Parmi les différents types de batteries, le lithium-ion est le plus populaire, représentant une part de marché massive de 44 %. Batteries Li-ion sont des batteries rechargeables qui sont le plus souvent utilisées dans le monde d'aujourd'hui, alimentant nos téléphones portables, ordinateurs portables et autres appareils électroniques grand public, en plus des véhicules électriques et des systèmes de stockage d'énergie.
Si les batteries lithium-ion offrent de nombreux avantages en termes de légèreté, de conductivité élevée et de densité énergétique élevée, leur durée de vie est problématique. La sécurité constitue un autre défi majeur, car elles contiennent un électrolyte liquide volatil, susceptible de s'enflammer en cas de dommage ou de surchauffe.
En conséquence, les batteries à l’état solide (SSB) sont apparues comme une alternative aux batteries à l’état liquide (LSB), qui utilisent des électrolytes solides pour éviter les fuites ou le dégagement de gaz.
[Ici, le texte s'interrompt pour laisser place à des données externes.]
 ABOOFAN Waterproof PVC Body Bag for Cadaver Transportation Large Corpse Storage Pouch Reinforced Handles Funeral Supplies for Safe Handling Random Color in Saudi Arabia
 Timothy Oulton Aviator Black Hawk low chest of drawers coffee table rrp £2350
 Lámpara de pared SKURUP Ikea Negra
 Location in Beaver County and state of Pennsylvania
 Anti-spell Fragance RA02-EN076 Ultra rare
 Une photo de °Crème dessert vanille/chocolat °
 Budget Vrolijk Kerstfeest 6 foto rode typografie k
Outre une sécurité accrue, ces batteries offrent également les avantages de la miniaturisation, de la légèreté, d'une charge plus rapide, d'une excellente efficacité d'emballage, d'un fonctionnement sur une large plage de températures et d'une longue durée de conservation.
Les batteries à semi-conducteurs ne sont pourtant pas une découverte récente. Leur apparition remonte au XIXe siècle, mais malgré leur ancienneté, leur utilisation reste limitée. La situation est en train de changer avec l'essor de l'électrification et le besoin d'alternatives plus performantes et plus sûres aux batteries Li-ion, largement répandues.
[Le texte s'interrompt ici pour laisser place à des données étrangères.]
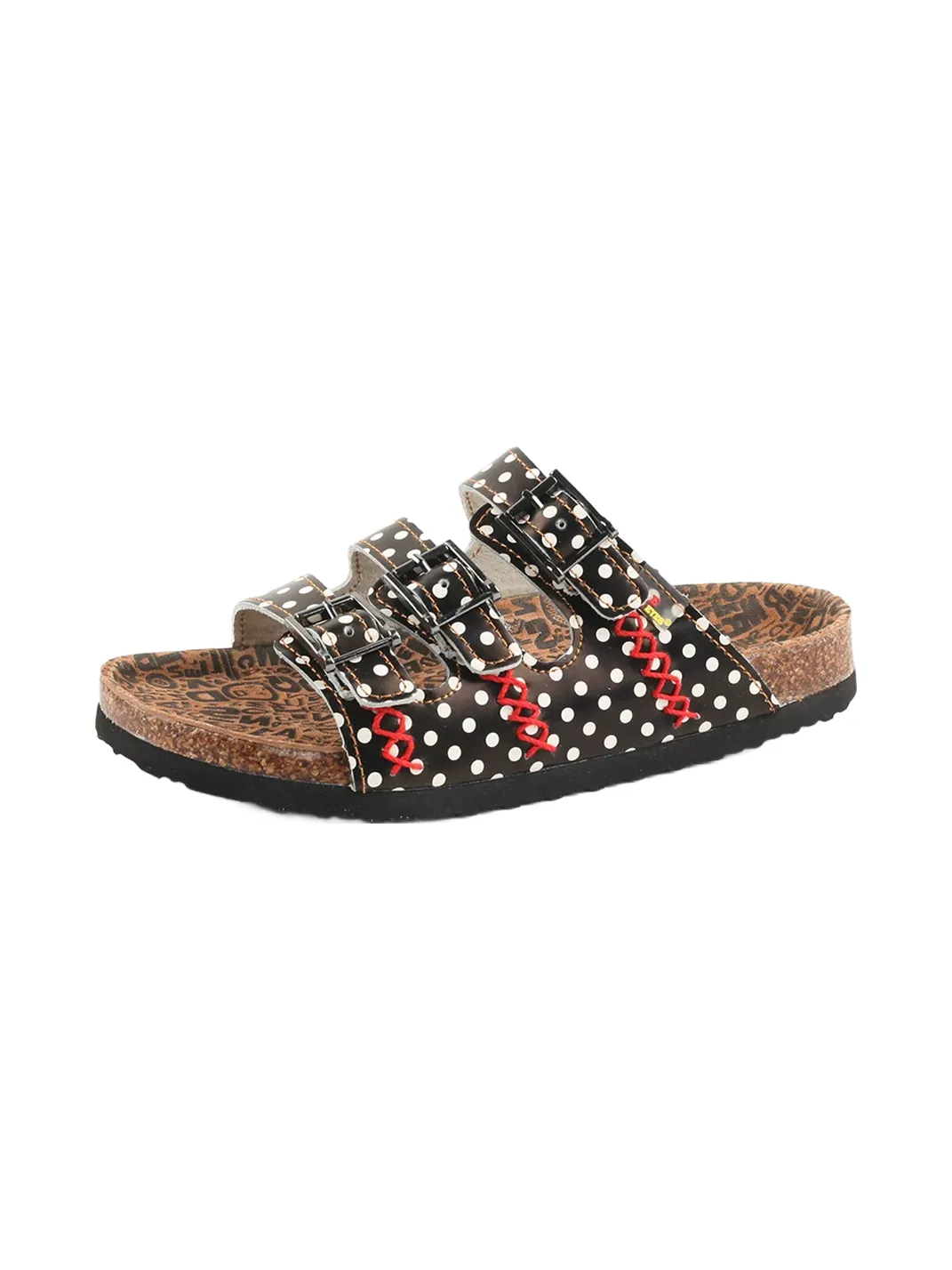 TMA EYES | Three Buckle Strap Cork Footbed Slide Sandals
Face à l’intérêt renouvelé pour cette technologie, les chercheurs optimisent les batteries à semi-conducteurs grâce à une approche multidimensionnelle axée sur les matériaux, la structure et la conception de l’interface, ainsi que sur l’utilisation de techniques d’IA basées sur les données.
Travaux en cours pour améliorer les SSB
Des chercheurs du monde entier travaillent d'arrache-pied pour comprendre et améliorer les batteries solides afin d'alimenter l'avenir. Voici quelques études récentes et importantes menées dans ce domaine :
Décodage des SSB

Des chercheurs de l'Université du Missouri ont approfondi leur compréhension des problèmes liés aux batteries à semi-conducteurs et des moyens de les surmonter pour aider les SSB à devenir une réalité.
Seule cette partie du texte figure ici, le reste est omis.